定吉先生はお茶を持ち上げたところで固まっている。
数秒間、沈黙が支配した。
「はははは、何を冗談を言ってるのかな。佐那は。坂本くんも留学延長の申請が遅れてるのがいけないのだよ」
目が笑ってないよ。重太郎。
「坂本、お前はどう考えているのだ」
定吉先生が問う。俺は正直に答えた。
「迷っております」
おそらく自分の幸せは千葉家にあるだろう。だが、これからの世の中ではそれだけを求めてよいのだろうか。
正直なところ不本意だ。俺は元来自己中心的な人間なのだ。他人のために頑張る仕事なんか向いてない。自分の趣味と楽しみに生きる男なのだ。

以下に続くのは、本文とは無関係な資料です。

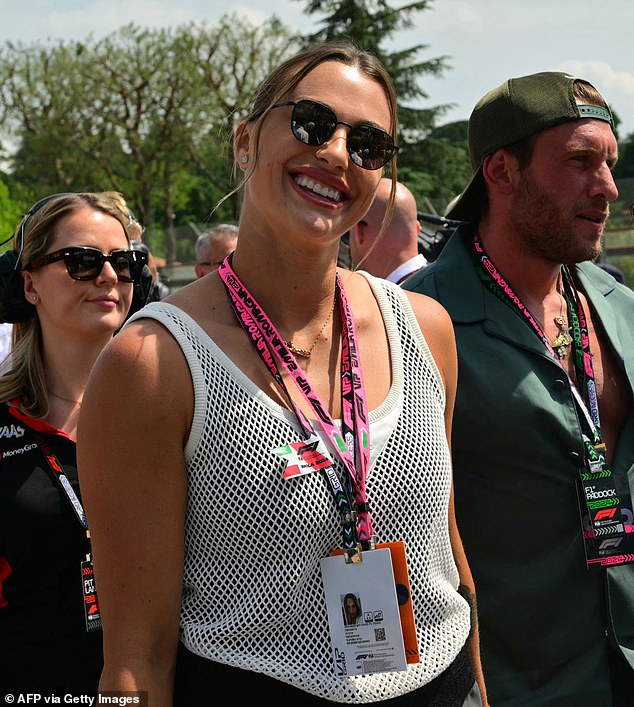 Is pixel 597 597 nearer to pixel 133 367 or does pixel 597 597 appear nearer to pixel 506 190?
pixel 506 190

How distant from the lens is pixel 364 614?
6.09 ft

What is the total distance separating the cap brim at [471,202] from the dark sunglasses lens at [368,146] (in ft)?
4.69

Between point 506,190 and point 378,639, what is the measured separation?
1940 mm

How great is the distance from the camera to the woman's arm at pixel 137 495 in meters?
1.74

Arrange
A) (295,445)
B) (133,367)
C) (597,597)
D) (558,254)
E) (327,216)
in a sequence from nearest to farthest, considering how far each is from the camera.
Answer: (133,367), (295,445), (327,216), (597,597), (558,254)

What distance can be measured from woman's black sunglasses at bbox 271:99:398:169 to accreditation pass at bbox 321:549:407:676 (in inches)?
34.3

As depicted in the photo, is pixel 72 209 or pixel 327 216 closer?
pixel 327 216

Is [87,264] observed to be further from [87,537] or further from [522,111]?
[522,111]

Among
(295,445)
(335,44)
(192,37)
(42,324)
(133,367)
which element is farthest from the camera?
(192,37)

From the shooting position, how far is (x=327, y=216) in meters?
2.00

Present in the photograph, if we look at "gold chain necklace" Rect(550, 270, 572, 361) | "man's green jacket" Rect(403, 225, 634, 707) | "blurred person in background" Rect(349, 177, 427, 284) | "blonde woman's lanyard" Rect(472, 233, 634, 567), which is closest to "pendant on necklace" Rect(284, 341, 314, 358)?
"man's green jacket" Rect(403, 225, 634, 707)

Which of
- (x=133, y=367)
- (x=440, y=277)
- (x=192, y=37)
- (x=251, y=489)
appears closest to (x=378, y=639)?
(x=251, y=489)

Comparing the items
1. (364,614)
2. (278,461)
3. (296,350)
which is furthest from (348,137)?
(364,614)

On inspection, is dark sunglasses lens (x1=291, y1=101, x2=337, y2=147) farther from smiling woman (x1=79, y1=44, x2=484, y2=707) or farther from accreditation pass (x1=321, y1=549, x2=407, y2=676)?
accreditation pass (x1=321, y1=549, x2=407, y2=676) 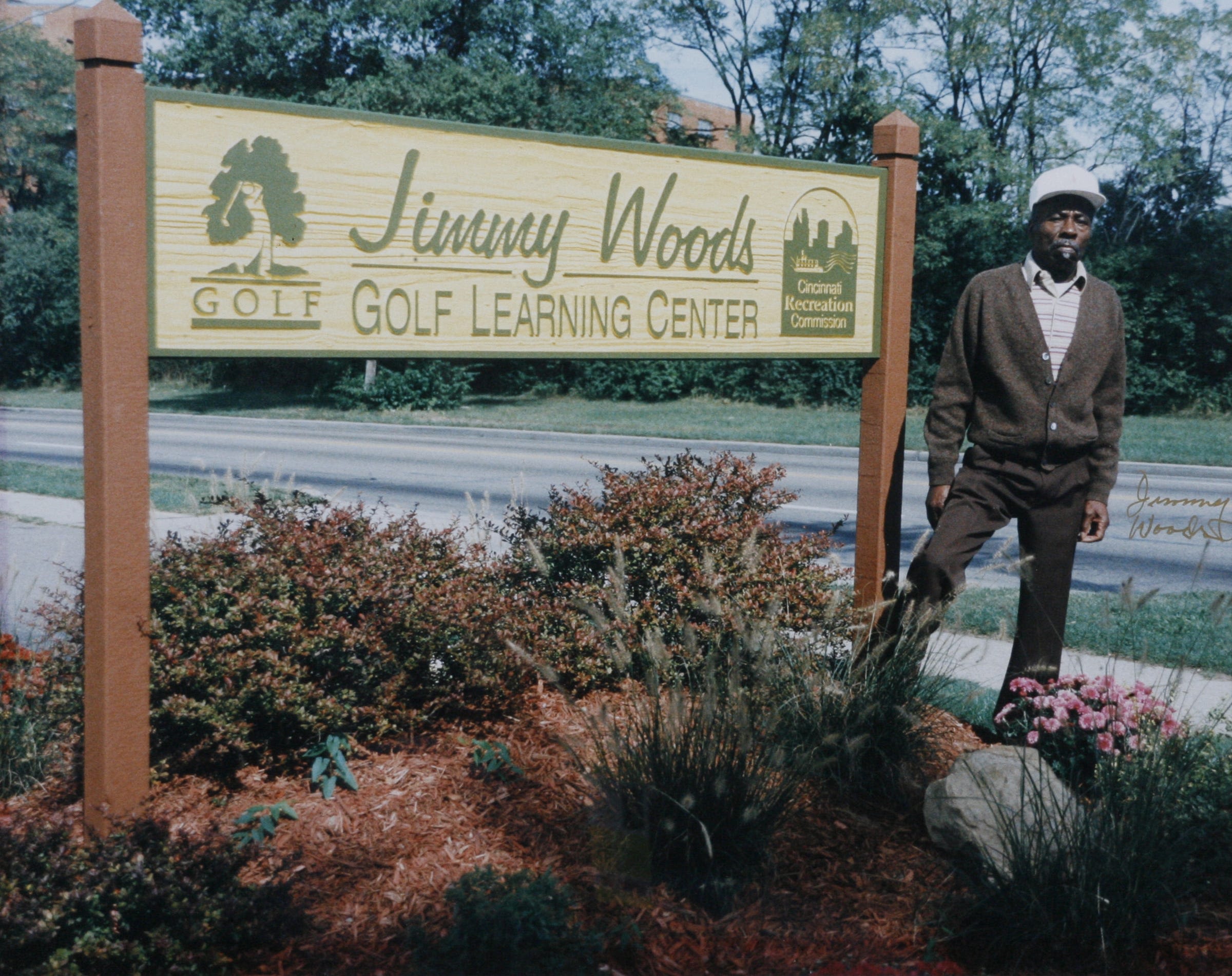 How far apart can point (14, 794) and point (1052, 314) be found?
3869mm

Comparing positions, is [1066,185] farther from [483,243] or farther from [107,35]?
[107,35]

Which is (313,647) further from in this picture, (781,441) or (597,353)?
(781,441)

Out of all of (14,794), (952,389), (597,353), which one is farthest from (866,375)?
(14,794)

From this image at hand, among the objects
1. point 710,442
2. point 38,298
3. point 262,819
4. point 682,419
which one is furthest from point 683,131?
point 262,819

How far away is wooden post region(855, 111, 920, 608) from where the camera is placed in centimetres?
498

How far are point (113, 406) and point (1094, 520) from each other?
3.34m

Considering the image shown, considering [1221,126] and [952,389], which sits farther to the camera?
[1221,126]

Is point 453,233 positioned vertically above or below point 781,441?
above

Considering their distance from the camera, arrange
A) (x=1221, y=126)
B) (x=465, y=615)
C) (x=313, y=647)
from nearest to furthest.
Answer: (x=313, y=647)
(x=465, y=615)
(x=1221, y=126)

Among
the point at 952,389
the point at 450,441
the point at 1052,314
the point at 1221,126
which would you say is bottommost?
the point at 450,441

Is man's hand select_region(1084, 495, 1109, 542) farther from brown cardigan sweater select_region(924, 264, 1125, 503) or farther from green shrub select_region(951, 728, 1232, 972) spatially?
green shrub select_region(951, 728, 1232, 972)

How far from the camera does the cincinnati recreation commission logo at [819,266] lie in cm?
486

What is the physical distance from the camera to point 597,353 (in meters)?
4.32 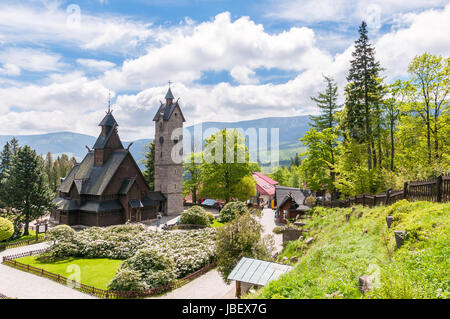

だが、既に時代は切迫している。日本という国存亡の危機である。千葉家での幸せも日本が滅んでしまっては意味が無い。本末転倒である。一方、俺ごときに何が出来るものかという思いもある。千葉家の恩を捨て日本のために立っても何の役にも立たないのではないかと。
思考の迷宮にはまり込んだ俺に、佐那が静かに言う。
「ですから、土佐に戻るのがよいと思われます」
え、もしかして俺って愛想つかされた?
罵られたり冷たくされたりするのはドンと来いだけど、捨てられるのは嫌だー!
「私は明るくて自信家で前向きな龍馬さんを好いております。ですが、今の龍馬さんは違います。自分をごまかして無理をしている龍馬さんは嫌いです」
淡々と静かに佐那の独白が続く。
「例えそれがどんなに困難でも、何年かかろうとも、龍馬さんは自分の信じた道を突き進んでもらいたい。それが私が愛した坂本龍馬という男の生き方です」
佐那の目から涙が零れ落ちた。
「私は待ちます。何年でも、何十年でも。佐那は既に坂本龍馬の妻でございます」
安政五年九月、俺は土佐に帰国した。
北辰一刀流の目録と志を持って。